It’s down to the funders now

The community right to buy process was never designed to be easy but when combined with aggressive corporate lawyers and less than helpful civil servants, it’s a minor miracle one community in East Lothian didn’t throw in the towel.  Despite everything, they stuck to the task and their long term pursuit of a vitally important parcel of land may be about to pay off. Whether or not they succeed will depend largely on whether potential funders can get their act together in time.


Seton Fields East is on the market for £900,000 and the local community are hoping to secure funding to buy it. The ballot of residents to assess whether there was sufficient community support produced a remarkable turnout vote and an even more remarkable level of support for the proposal


Total number of votes cast:  3,747 (56.5% turnout)

“Yes” votes:  3,599 (96.1% of total)

“No” votes:  148 (3.9% of total)

There were nil spoilt ballots or proxy votes cast.

Seton Fields East comprise 113 acres of highest grade arable, lying at the heart of the three rural villages and surrounding area which makes up our community of interest.  It was independently valued at £875,000 and occupies a most significant position in coastal East Lothian – and in the ambition of local people (as you can see from the ballot results!) to take community ownership of a great green asset.  Plans include mixed agricultural use, with open wooded landscape and community orchards on part of the land, with enhanced all-ability access and opportunities for education and volunteering.

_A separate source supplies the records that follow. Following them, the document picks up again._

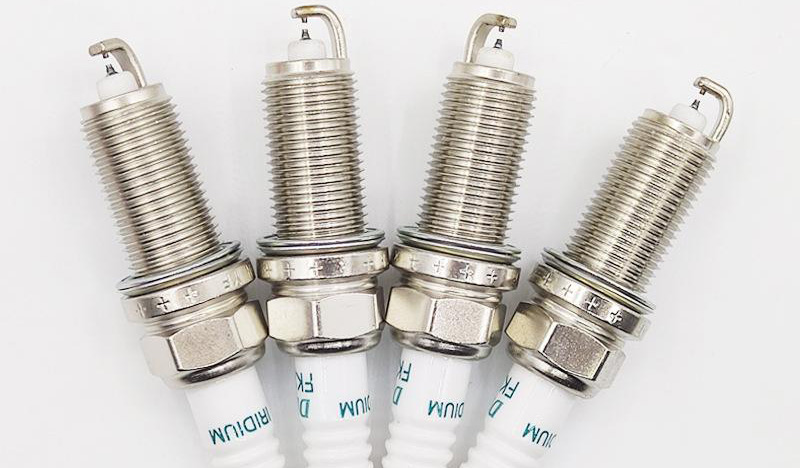 火花塞办理EAC认证的费用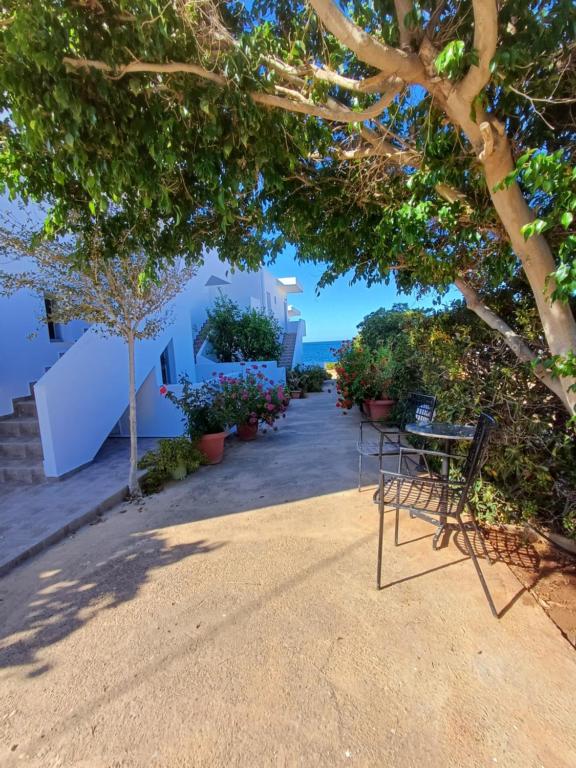 Fotografie z fotogalerie ubytování Nautilus Apartments v destinaci Sissi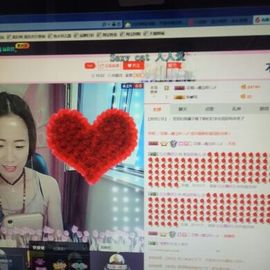 菲儿💅主播照片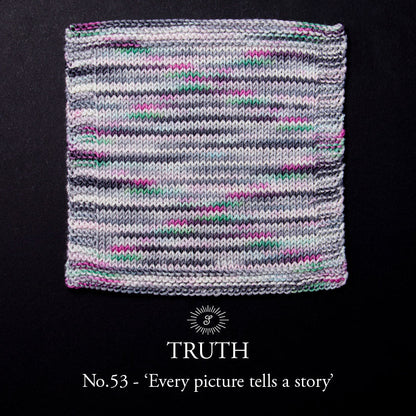 Simy's Studio Truth DK PREORDER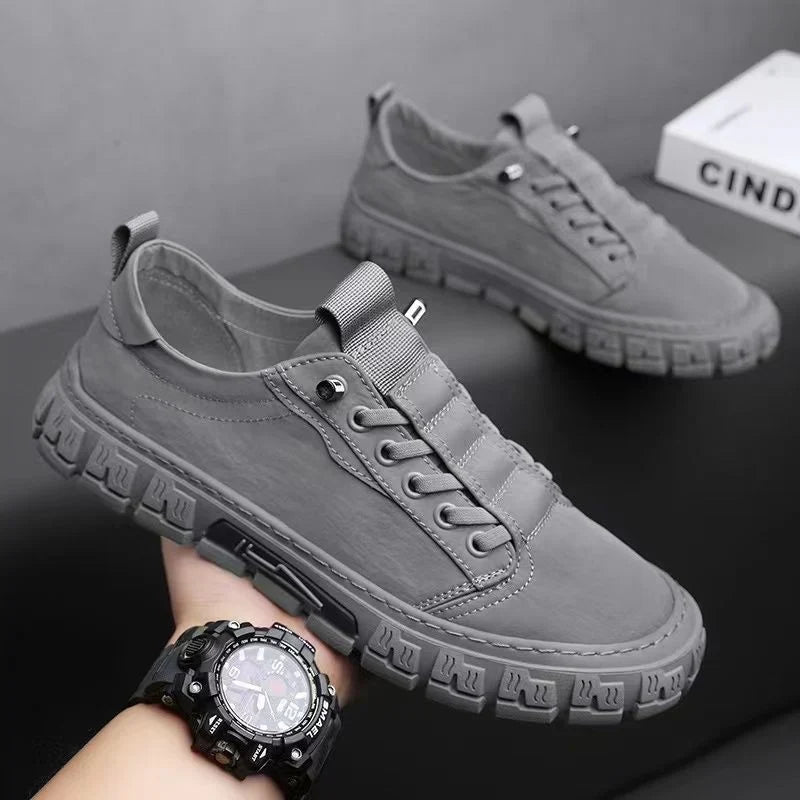 Castell | Premium Urban Sneakers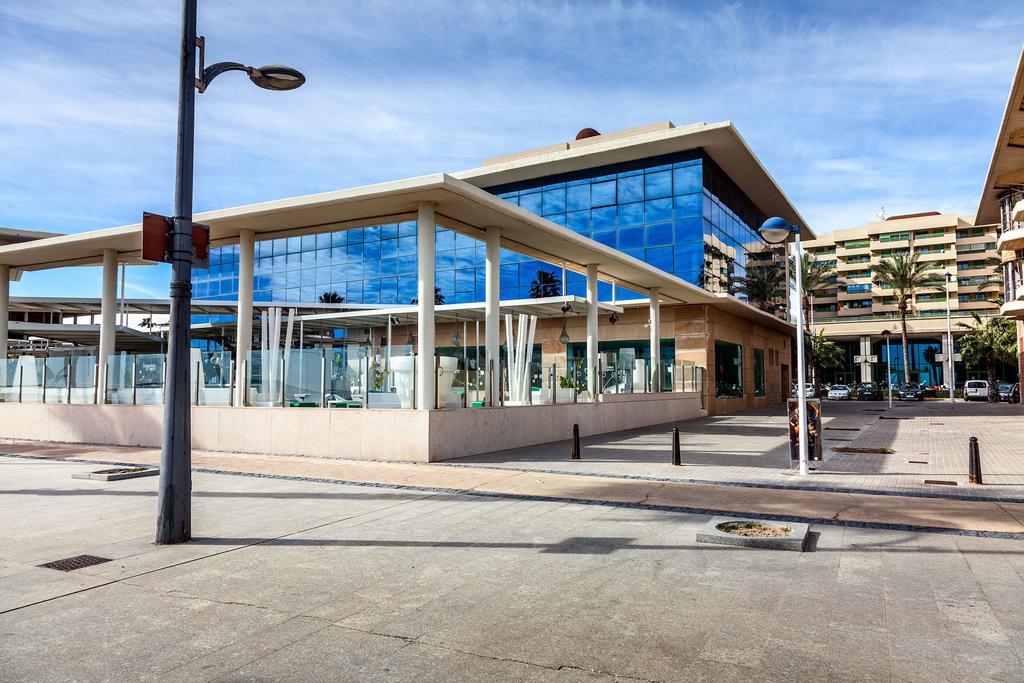 Valencia Flat Rental Patacona Beach Værelse billede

This was the largest ballot for a CRTB ever held in Scotland, so not only a “First” for East Lothian and the lowland Central Belt.

We are delighted that the new Land Fund has been launched, and look forward to being able to formally submit a grant application when that route has been established.   Our timetable for raising capital funds is very tight, and we must conclude missives by July 4th.

Bob McNeil, from Seton Fields Community Company, said: “It will link up the three communities by pleasant walks – you will be able to go from on to the other in open fields and woodland.”

Unlike other community land buyouts, local residents will not have to contribute towards the cost of the land.

Phillipa Graham, from the group, said: “We are confident we don’t need the members of the community to put their hands in their pockets. We’re looking at a package of funding options including the newly announced Scottish Land Fund and there are a couple of other funding sources that we are looking at.”

The group have until June to secure funding for the purchase.